Florida's Supreme Court has ruled on a question prompted by a 2013 case dealing with the application of economic loss in specific tort cases. The implication of change may depend on one's legal view as to the permeability of the divide between contract and tort law.

At issue is the Economic Loss Rule (ELR). Designed to prohibit tortious product liability claims from being filed between contracted manufacturers and customers over a faulty product that causes no damage other than to itself, the rule was supposed to clearly delineate where warranty liabilities end and tort grievances began. 

Instead, the rule has been allowed to slowly permeate into other legal areas of practice.

Walter Latimer, an attorney with Wilson Elser Moskowitz Edelman & Dicker LLP, is an expert on product liability and has written about issues such as this.

Latimer told Legal Newsline that ELR evolved through interpretation and application.

"It was going in a lot of different directions," Latimer said. "It kept growing and growing until the court said it will only apply to product cases now."

Adopted by Florida in 1987, it was hoped that ELR would prevent a contracted party from resorting to tort suits to recover damages from economic loss. Over time, however, certain cases with limited circumstances had allowed the concept of ELR to creep outside its legal domain, specifically into what is called the independent tort doctrine. 

Soon, according to Latimer, even malpractice suits were utilizing the ELR.

The mission creep of the rule can best be seen in cases involving the contractual privity economic loss rule (CPELR), also known as the independent tort doctrine (IDT). The nuanced rule permitted the ELR to be used in cases involving a breach of contract that resulted in proven economic loss.

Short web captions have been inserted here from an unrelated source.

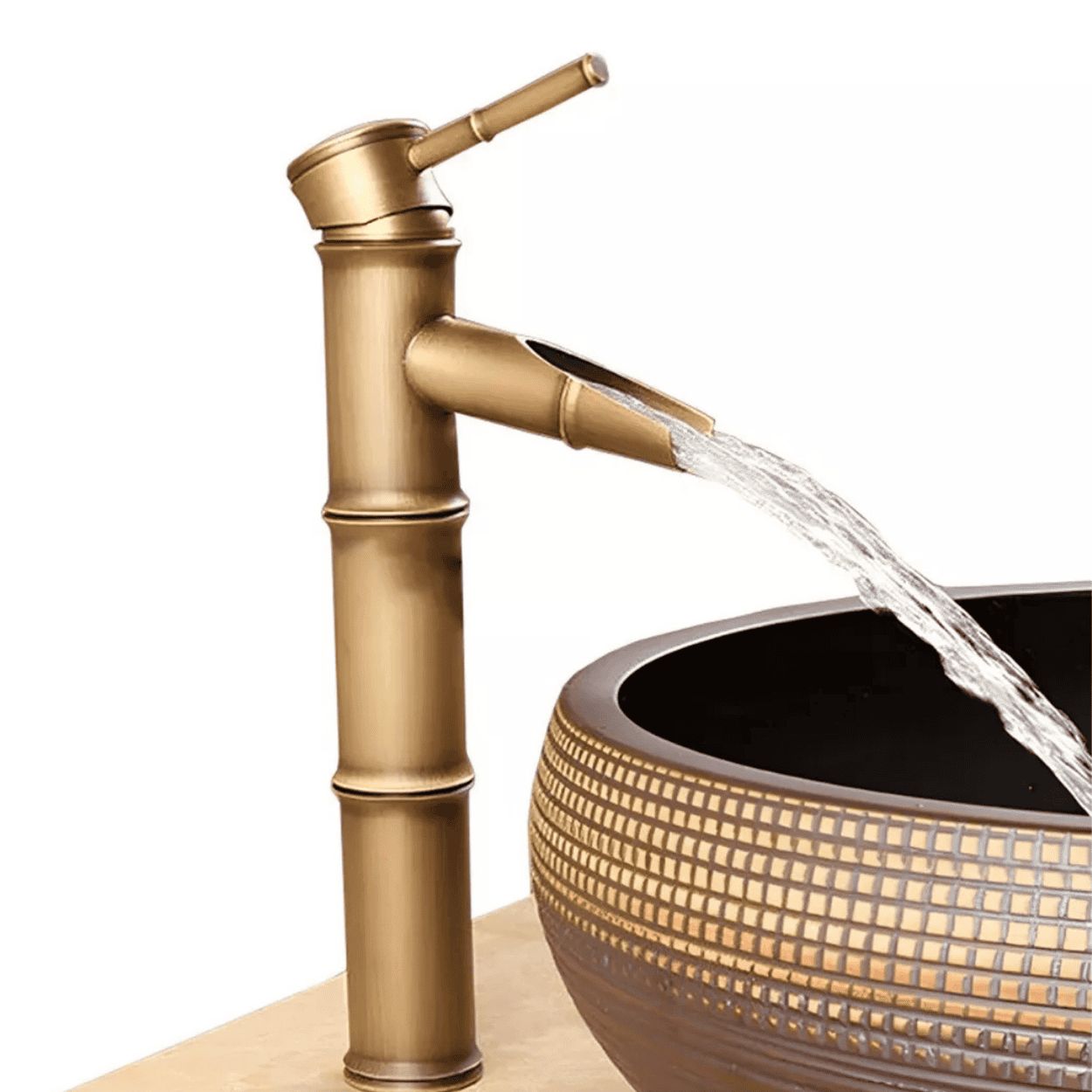 Torneira Bambu Bronze Antigo Vintage Retrô Quente-fria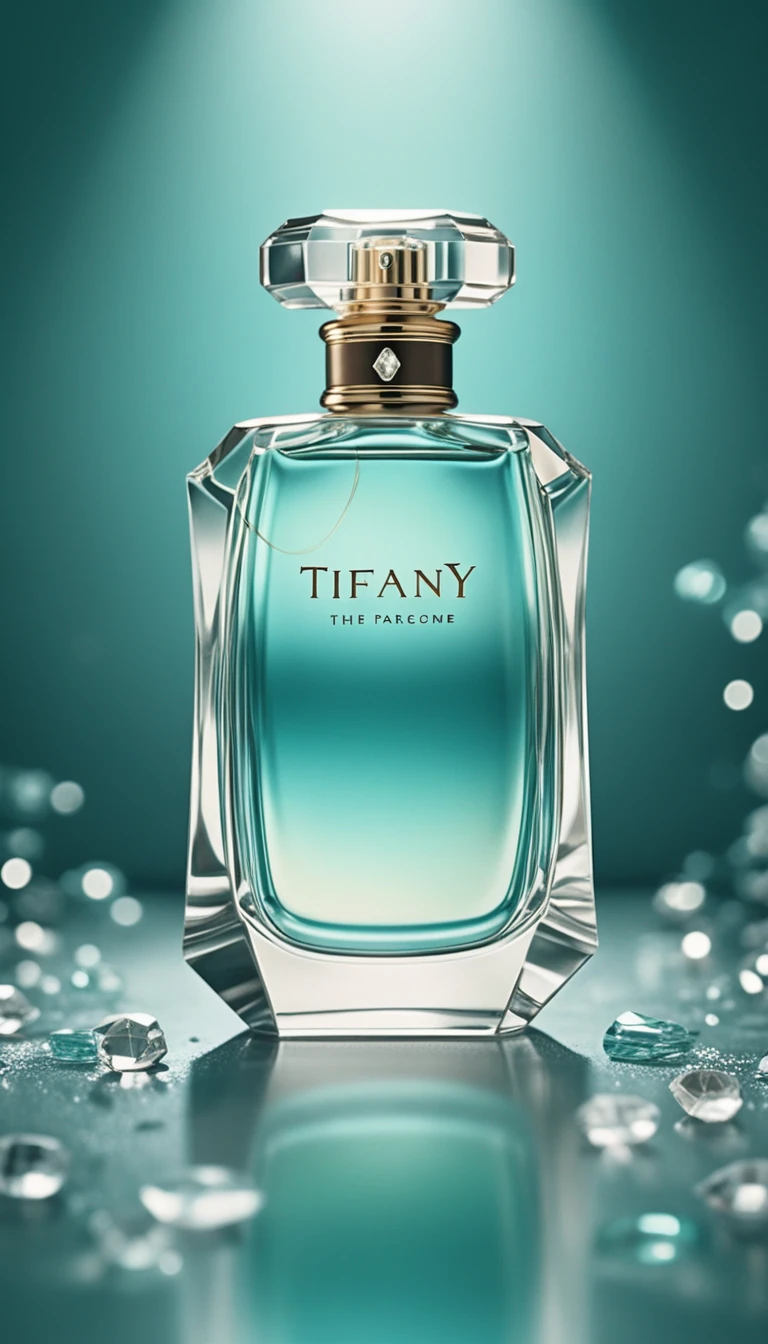 Elegante flacone di profumo in iconico stile pubblicitario blu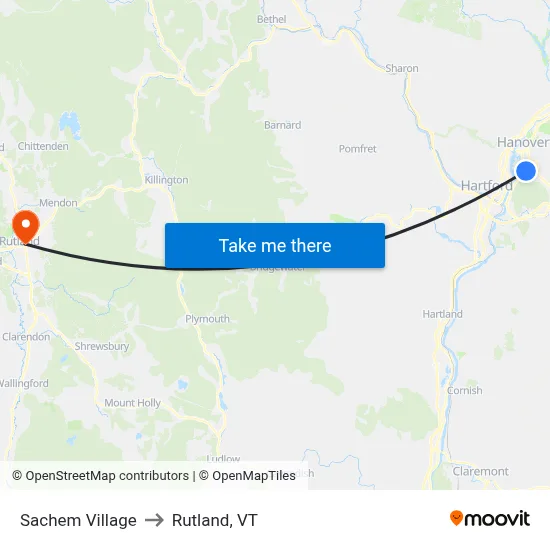 Sachem Village to Rutland, VT map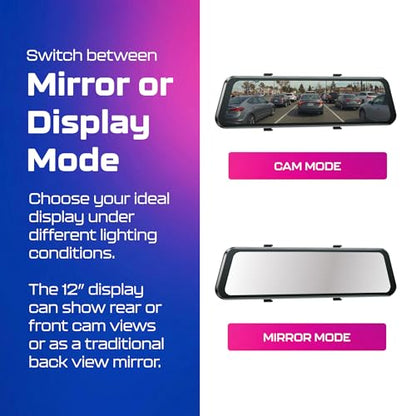 PG17 Pro 4K+2.5K Mirror Dash Cam with STARVIS 2 & 5G WiFi Rear View Mirror Camera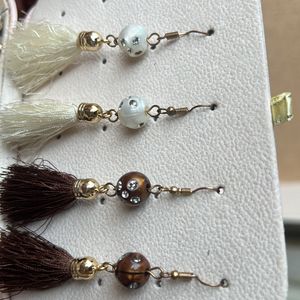 White And Brown Tassel Earrings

This seeming ambiguity caused growing legal uncertainty that was bound to be addressed at some point. Latimer told Legal Newsline that the extension of ELR had created a very unsettled area between product liability and tort law.

In 2013, the moment arrived for the matter to be addressed. In Tiara Condominium Association Inc. v. Marsh & McLennan Cos. Inc., the Florida Supreme Court was asked a pointed question by the U.S. Court of Appeals for the 11th Circuit: "Does the Economic Loss Rule bar an insured's suit against an insurance broker where the parties are in contractual privity with one another and the damages sought are solely for economic losses?"

The court opined that, after extensive consideration and historical review, the Economic Loss Rule, as originally intended, only applied in product liability cases and that the creep of the rule into other areas of law, specifically the independent tort doctrine, was unwarranted. This left open the possibility that unimpeded independent tort cases, which previously were limited by the extension of the ELR, would flood the courts.    

For many in the legal profession, the decision was confusing if not seemingly a dramatic about-face. Justice Charles Canady, in a dissenting opinion of the case, said that "Florida's contract law is seriously undermined by this decision, [and] with today's decision, we face the prospect of every breach of contract claim being accompanied by a tort claim."

In a news release published on Weinberg Wheeler Hudgins Gunn & Dial's website, the law firm writes that "sweeping" decision was bound to change Florida law with a ruling that was reached "without much discussion or analysis other than historical context." Another law firm, Jimerson & Cobb PA, wrote on its website that while the decision lacked clarity, it did not imperil the independent tort doctrine.

Uncertainty even plagued Latimer.

"You know, when [the decision] came out, everyone thought the sky was falling," he said. He confessed that he, himself, had been rattled by the decision.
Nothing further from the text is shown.